The changes were the result of good-faith negotiations that took into account the concerns of developers and elected city officials. The final product may have not been everything the advocates of Complete Streets wanted, but it’s a reasonable forward step.
It also puts Tupelo, along with the city of Hernando, in the forefront of a growing national movement. They are the first two cities in Mississippi to go the Complete Streets route.
Good reasons for the policy abound. Chief among them is the quality of life issue.
Tupelo’s new comprehensive plan clearly states a goal of more dense development and envisions a city in which lifestyle options include living close enough to work, shopping and recreation to get there by walking, bicycling or other alternative transportation means. This option is increasingly favored by many young individuals and families, and by giving it priority status Tupelo will make the city more attractive as modes of living and interacting change.
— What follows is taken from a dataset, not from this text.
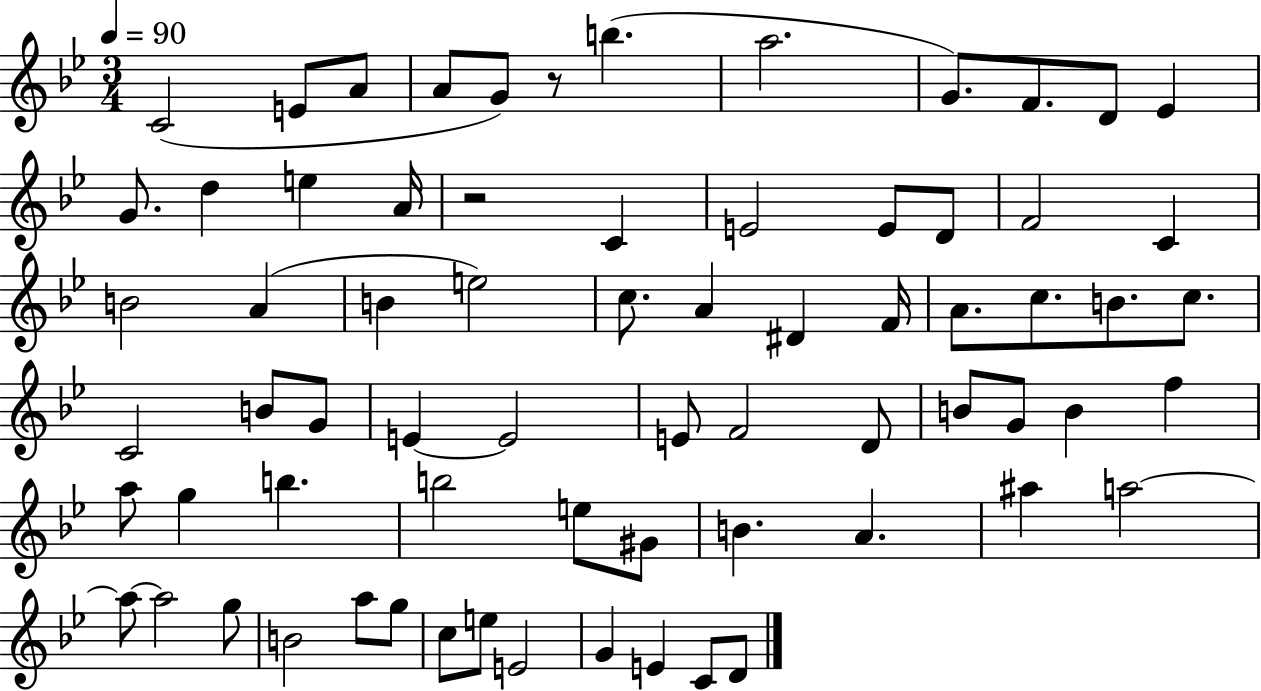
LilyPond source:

For those who choose to live in more conventional subdivisions and neighborhoods, accommodation of walkers and cyclists simply makes for a more pleasant, neighborly and healthy atmosphere.
Additionally, energy costs are sure to continue to rise in future years and reducing dependence on the automobile for daily tasks outside the home will be both economically and environmentally wise.
Tupelo has already gotten some national, even international, attention for its adoption of Complete Streets. That’s a side benefit to the improvements to the city it will bring in the coming years.
Adoption of the policy is in line with Tupelo’s progressive, forward-thinking heritage and is testament to the willingness of the new administration and City Council to iron out differences in a reasonable, non-polarizing way.